An analytical approach based on the multivariate analysis of on-line pyrolysis-gas chromatography/mass spectrometry (Py-GC/MS) data is proposed for the identification of traditional East Asian handmade papers from different fiber material origins. This approach utilized several biomarkers detected during the Py-GC/MS analysis of paper samples. At first, the total ion chromatogram (TIC) was taken as the response and then the extracted ion chromatograms (EICs) were considered to improve the discrimination of papers. The influence of different data pretreatments (raw responses vs. normalized values) including different weightings of the variables (weighting as 1 vs. weighting as 1/STD, where STD stands for standard deviation) for principal component analysis was also investigated.

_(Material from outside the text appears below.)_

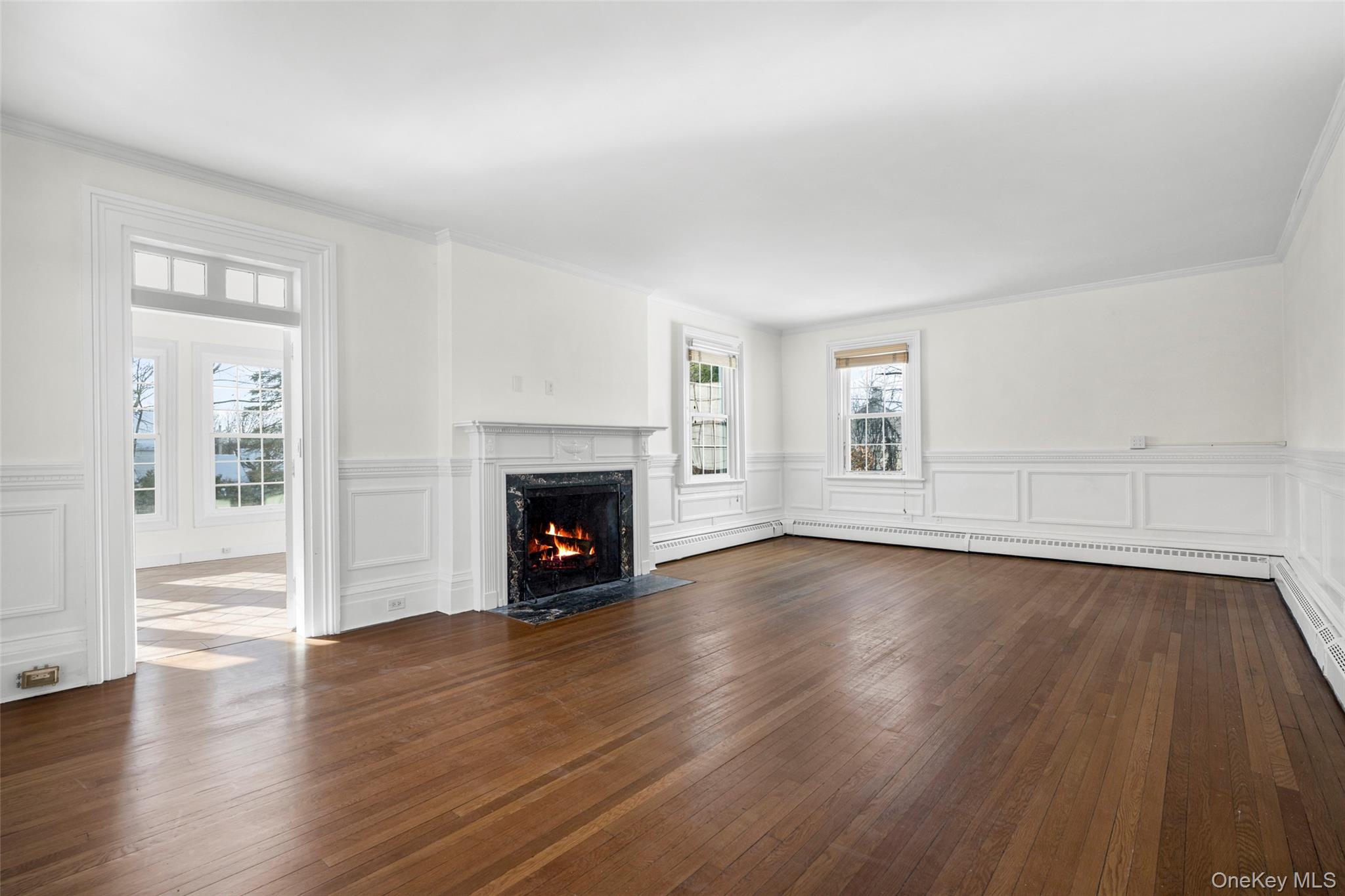 1146 North Avenue New Rochelle, NY 10804 - Photo 11 of 50 an empty room with wooden floor fireplace and windows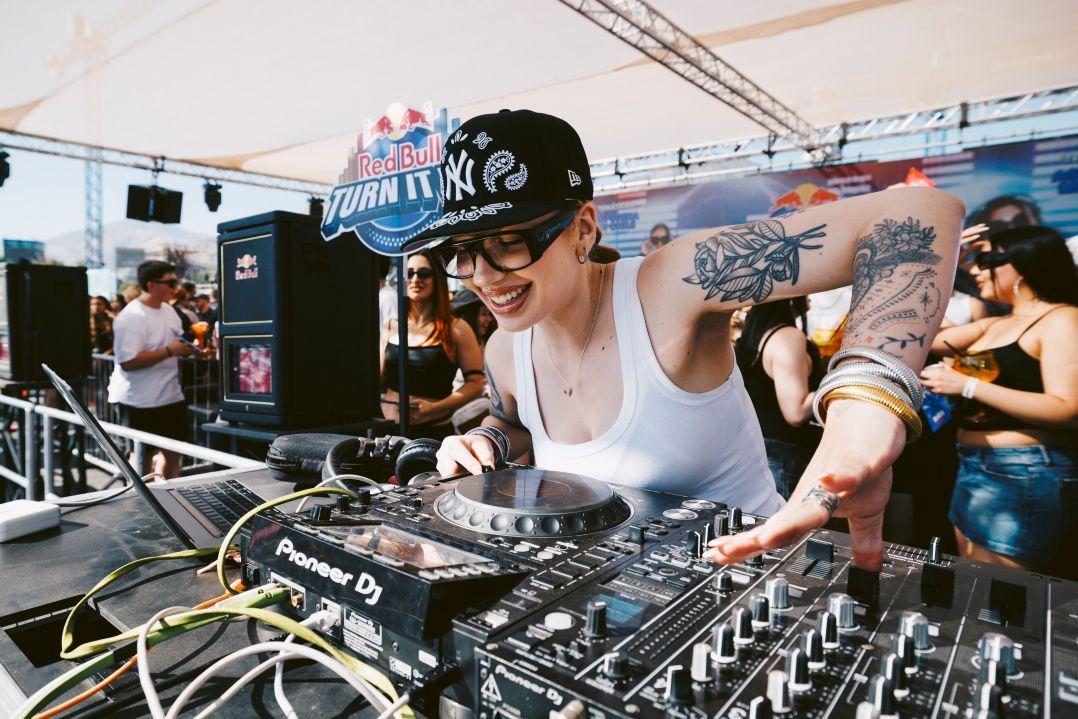A smiling, tattooed DJ in a black cap and white tank top mixes Pioneer decks at a sunny Red Bull event, with a lively crowd behind her.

The results showed that compared to the commonly used microscopy techniques, the Py-GC/MS technique proved to be able to discriminate against handmade paper materials that have similar microscopic morphologies such as Morus species vs. Broussonetia species. The data pretreatment influenced PCA modeling: the analysis based on normalized values showed more interpretable PCA group features for Moraceae species. PCA without weighting resulted unsurprisingly in discrimination through the presence of high intensity response biomarkers, while when applying weight as 1/STD, a PCA loading plot was shown to provide a group of compounds, most of them being present at low levels, to be discriminating. Additionally, the characteristic EICs can provide a data matrix for statistical analysis avoiding the interference from a co-eluting compound and background compared to the data matrix obtained from the TIC. As a result, a quick Py-GC/MS based handmade paper identification procedure using PCA modeling of the characteristic EICs was proposed for the first time in the identification of traditional East Asian handmade papers. This procedure could be very beneficial for cultural heritage applications.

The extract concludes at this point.